I'm familiar with r/m8, r/m16, imm16, etc but how do I encode m16:16, m16:32, and m16:64? These are in the JMP and CALL instructions...
Is m16:16 an address location? Or is it like an immediate address? Any help would be greatly appreciated!
"encode" would normally mean machine-code bytes. But I think you're asking about assembler syntax, because Intel's manuals are clear about the machine code. (See the entry for jmp
, or the rest of Intel's vol.2 instruction set reference manual for more about how an entry is formatted and what stuff means.)
jmp m16:64
is a memory-indirect far jump, with a new RIP and CS value (in that order because x86 is little-endian).
Just like a memory-indirect near jump, you simply supply an addressing mode, and the CPU loads the memory operand from there. But it's a 10-byte memory operand instead of 8 for a near jump.
You can use any addressing mode. I used [rdi]
for simplicitly. All of this would be the same with call far
/ lcall
as well.
NASM syntax:
jmp far [rdi] ; for YASM, you need a manual REX prefix somehow
AT&T syntax:
rex64 ljmp *(%rdi) # force REX prefix which buggy GAS omits
ljmpq *(%rdi) # clang accepts this, GAS doesn't.
GAS .intel_syntax noprefix
disassembly for `objdump -drwC -Mintel:
400080: 48 ff 2f rex.W jmp FWORD PTR [rdi]
Or from llvm-objdump -d
into AT&T syntax:
400080: 48 ff 2f ljmpq *(%rdi)
GNU Binutils wrong, it needs a 48
REX.W prefix to set the operand-size to 64-bit. (Of the memory source operand, I think.)

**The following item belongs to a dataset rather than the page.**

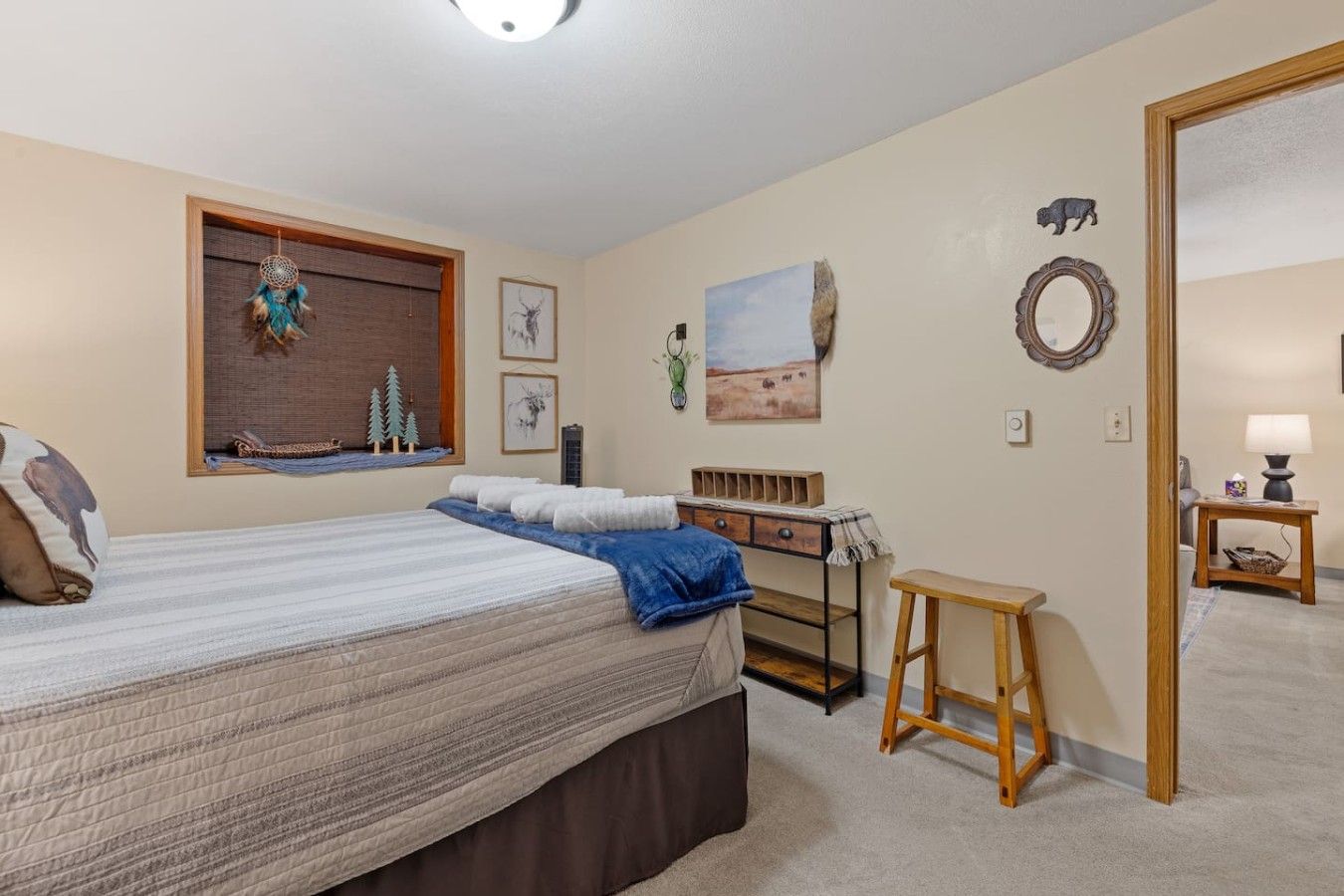 A bedroom with a bed, a nightstand, a dresser, a window with a view, and a door leading to another room.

FWORD (48-bit far-word = m16:32) might actually be correct disassembly without a REX prefix, which is why it isn't what we want and why it crashes without a REX.W if the pointed-to memory is actually an m16:64
. We want 48 ff 2f
for a TWORD (m16:64) memory operand.
GAS won't assemble ljmpq *(%rdi)
, but clang will.
For example, to set CS=si and RIP=rdi
; NASM syntax
mov [rsp], rdi
mov [rsp+8], si ; new CS value goes last because x86 is little-endian
jmp far [rsp] ; loads 10 byte from memory
or push rsi
/ push rdi
/ jmp far [rsp]
, or any other memory location you want to use.
NASM knows that a far jmp requires a REX.W prefix, unlike YASM and GNU Binutils. It uses
; assembled by NASM (not YASM), disassembled with objdump -drwC -Mintel
400080: 48 ff 2f rex.W jmp FWORD PTR [rdi]
printf '\xff\x2f' | ndisasm -b64 -
shows us NASM's disassembly output:
; ndisasm -b64 output thinks it's a dword (m16:16)?
00000000 FF2F jmp dword far [rdi]
Intel's manual entry lists jmp m16:64
as requiring a REX.W prefix, but GAS / binutils incorrectly thinks that's not necessary. See also discussion on https://lkml.org/lkml/2012/12/23/164 about Linux kernel code usage of lret
vs. rex64 ljmp *initial_code(%rip)
, and guesswork as to whether AMD CPUs support FF /5
with a REX.W prefix. Since AMD documentation doesn't explicitly mention it.
I tested this in a static-pie executable on GNU/Linux (so it would be loaded outside the low 32 bits), on an Intel i7-6700k Skylake:
default rel
foo:
mov eax, 231
syscall ; exit_group(edi)
global _start
_start:
mov eax, cs
push rax ; push cs is gone in x86-64
lea rax, [foo]
push rax
call far [rsp]
$ nasm -felf64 farjmp.asm # or yasm
$ gcc -nostdlib -static-pie farjmp.o -o farjmp
$ ./farjmp
or gdb ./farjmp
call far [rsp]
.foo:
jmp far ptr16:64
doesn't exist, and ptr16:32
or ptr16:16
aren't usable in 64-bit mode. That would be a 10-byte immediate (direct) absolute jump target. x86-64 can't use absolute direct jumps at all: there's no way to encode a new CS or RIP into a jmp
instruction.
Direct near jumps use a rel32
or rel8
, and of course they can't change CS. (That's what near means).
32-bit mode has jmp far ptr16:32
(with a 6-byte immediate).
There aren't many use-cases for jmp far
, especially in 64-bit mode. In a kernel, you'd use iret
or sysret
to return to 32-bit user-space, and there's usually no other reason to switch code segments. I guess you could have your kernel switch to 32-bit mode within the kernel.